LOL yes I will be taking the PURPLE pill!  Two of them.


----------



## weatherby

I just thought I would show you guys the crack in my exhaust manifold before I get it fixed, (the crack is between the two studs in the first picture). Also I,am switching the 35amp generator for a 160amp alternator


----------



## Bobcat

BigAl said:


> Very well said . So lets see here .... I own 3 cats and you have 4 cats  ..... hmmmmmm . Should we take the pink pill this morning or the purple one . I feel all giddy .




Actually, Mikey has 7 (seven)!!! 3 in the yard, 1 in the circus tent, and 3 awaiting transportation to the yard/circus tent.


----------



## Snowcat Operations

Love the Alternator upgrade.  Where did you find it?


----------



## weatherby

Snowcat Operations said:


> Love the Alternator upgrade.  Where did you find it?



I got it at a local shop that puts in those huge boom-en stereo systems in cars & boats. It ran me $125.00


----------



## Bulldog1401

weatherby said:


> I got it at a local shop that puts in those huge boom-en stereo systems in cars & boats. It ran me $125.00


 Good price!! You wont be sorry. This mod will allow you to easliy run all kinds of things that would have strained that little generator (winch, strobes, etc...).


----------



## NorthernRedneck

bobpierce said:


> Actually, Mikey has 7 (seven)!!! 3 in the yard, 1 in the circus tent, and 3 awaiting transportation to the yard/circus tent.

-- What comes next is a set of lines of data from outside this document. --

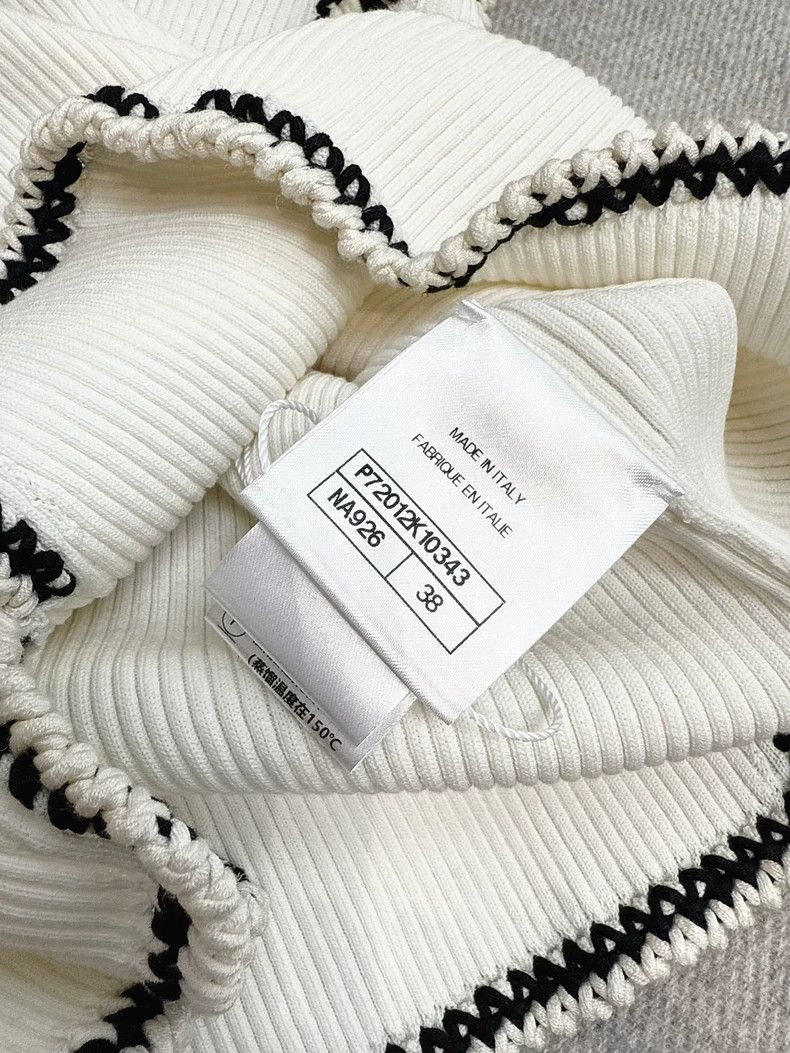 Chanel Chanel 22C White Black Trim Knit Tank Size S / US 4 / IT 40 - 6 Thumbnail
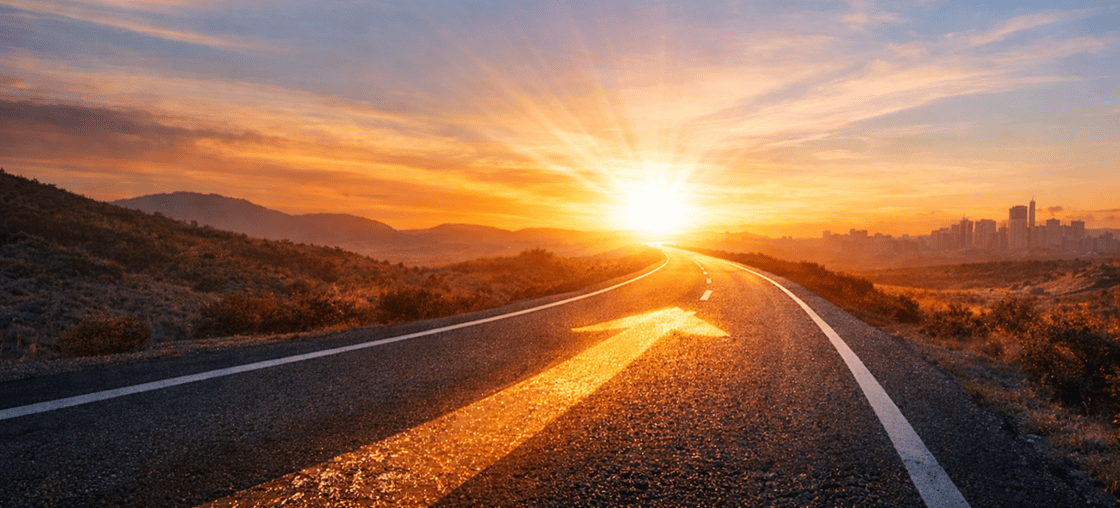 Golden Road to the City at Dawn-1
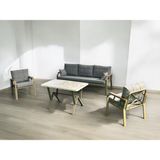 Tu Tienda Nergiz Kapiçino Metal 3 1 1 Masa Bahçe Balkon Mobilyası,kayrak Gri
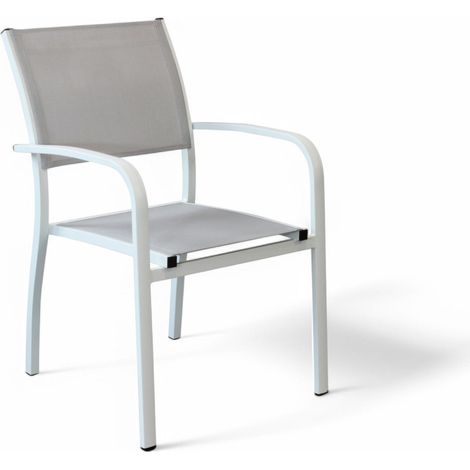 Sedia poltrona in alluminio con braccioli e schienale moderno elegante Peco - Bianco (1/4)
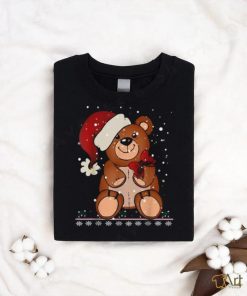 Camiseta de Navidad con diseño de oso de peluche con gorro de Papá Noel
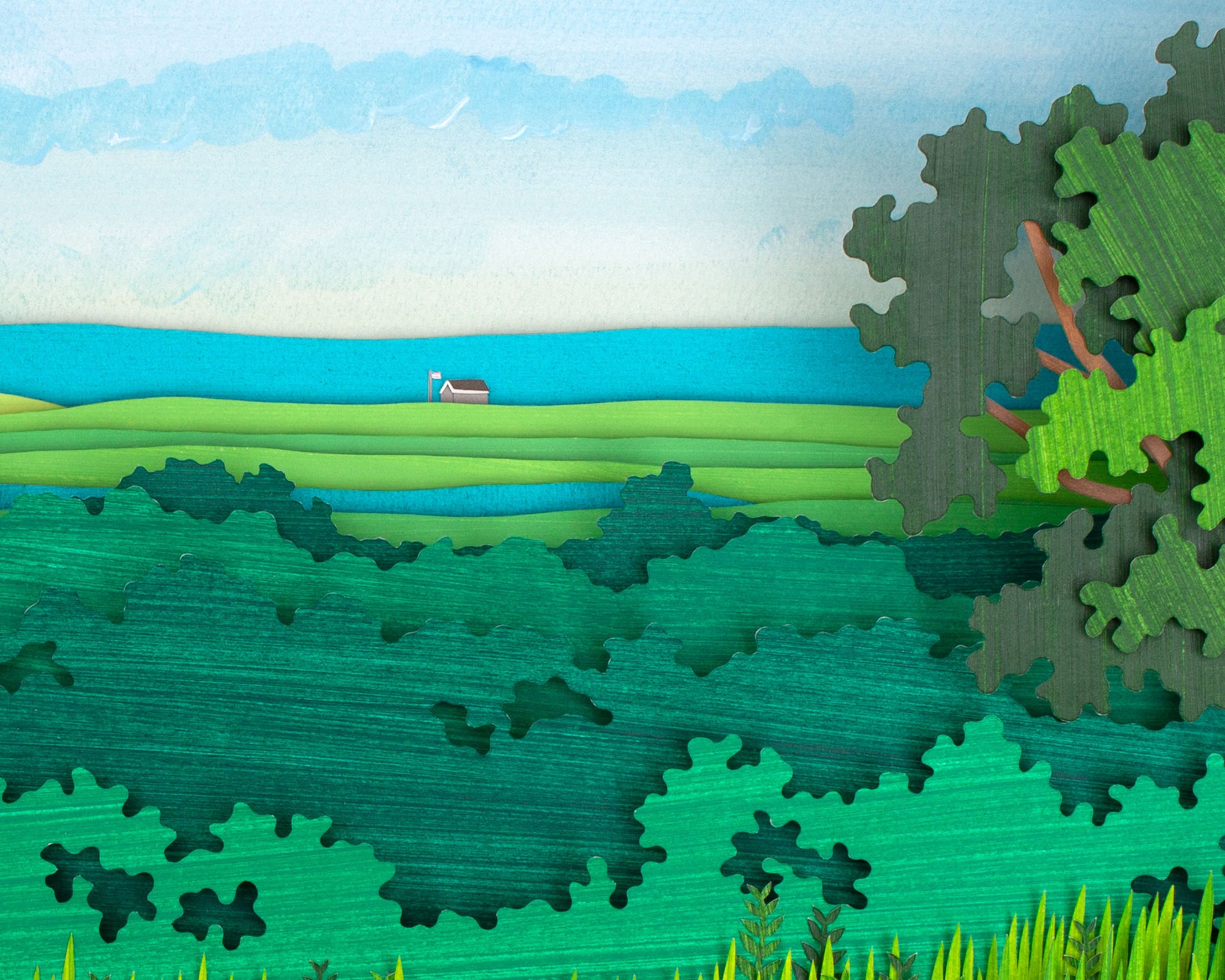 Archival print of cut paper illustration of landscape scene of South Beach on Martha's Vineyard, with pink hydrangea flowers.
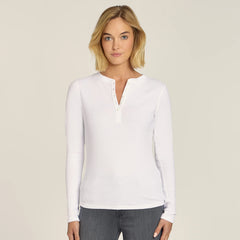 Long Sleeve Rib Henley Tee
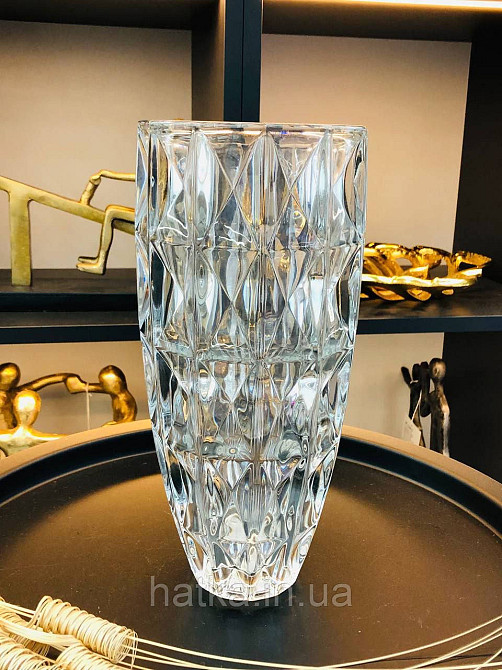 Ваза скляна Olens "Беллі" 14*29,5 см прозоре товсте скло Київ - фото 1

7 CATS?!?!?!?!  MIGHT WE BE SEING AND UPGRADE TO THE STORAGE FACILITIES FOR THESE CATS ALSO IN THE NEAR FUTURE?  HERE'S ONE OPTION I'VE FOUND THAT MIGHT HOLD ALL THOSE CATS UNDER ONE ROOF.......


----------



## Snowcat Operations

Nope these are Thiokols and Snow Masters NOT Kristis!


----------



## Snowcat Operations

weatherby said:


> I just thought I would show you guys the crack in my exhaust manifold before I get it fixed, (the crack is between the two studs in the first picture). Also I,am switching the 35amp generator for a 160amp alternator













OUCH! thats pretty bad.  I have hod ZERO luck in finding one for you.  Not sure what else to do.  Maybe you can have one fabbed up?  Custom built.  That thing is history!  I do not belive welding it will work for long.


----------



## Snowcat Operations

FOUND YOUR EXHAUST MANIFOLD 


GOT IT!  THIS WILL WORK!!!!!!!!!!  And these will never crack!

http://www.cliffordperformance.net/...e_Code=CP&Product_Code=2-F&Category_Code=F300

 ​


----------



## Snowcat Operations

AND THIS!

http://www.cliffordperformance.net/...ode=CP&Product_Code=434501&Category_Code=F300


----------



## weatherby

Snowcat Operations said:


> AND THIS!
> 
> http://www.cliffordperformance.net/...ode=CP&Product_Code=434501&Category_Code=F300



HEY Mike thats a excellent find that will help me out greatly, but I wont have time to look into it until the middle of next week I will be out of town after tonight but I do APPRECIATE your help


----------



## Snowcat Operations

No problem.  I have been to cliffords site 100 times and never saw the 223 section.  If you have problems finding it let me know I can guide you to the right area on there site.


----------



## weatherby

HI every body I know I'ts been awhile since my last post but dew to a serious dirt bike accident I was in a couple of weeks ago I am just now getting back up and walking and able to do some things like (typing) though I am very slow. I can only type with my right hand . I wont have full use of my left for some time due to three brakes in the arm & wrist that will be in a cast for sometime. Hope to post some new pics. next week as I get back to work on the cat, but don;t expect to much for a wile yet I still move pretty slow but getting better every day


----------



## Mainer

weatherby said:


> HI every body I know I'ts been awhile since my last post but dew to a serious dirt bike accident I was in a couple of weeks ago I am just now getting back up and walking and able to do some things like (typing) though I am very slow. I can only type with my right hand . I wont have full use of my left for some time due to three brakes in the arm & wrist that will be in a cast for sometime. Hope to post some new pics. next week as I get back to work on the cat, but don;t expect to much for a wile yet I still move pretty slow but getting better every day



W-

Hey, I'm sure I can speak for every one of us in saying that we all hope you're getting better (body & spirit), and that your accident will have no lasting negative effects.  I'm sure we can all lend an extra hand where we can (for those nearby, a physical hand hopefully!), or parts/sourcing for those afar.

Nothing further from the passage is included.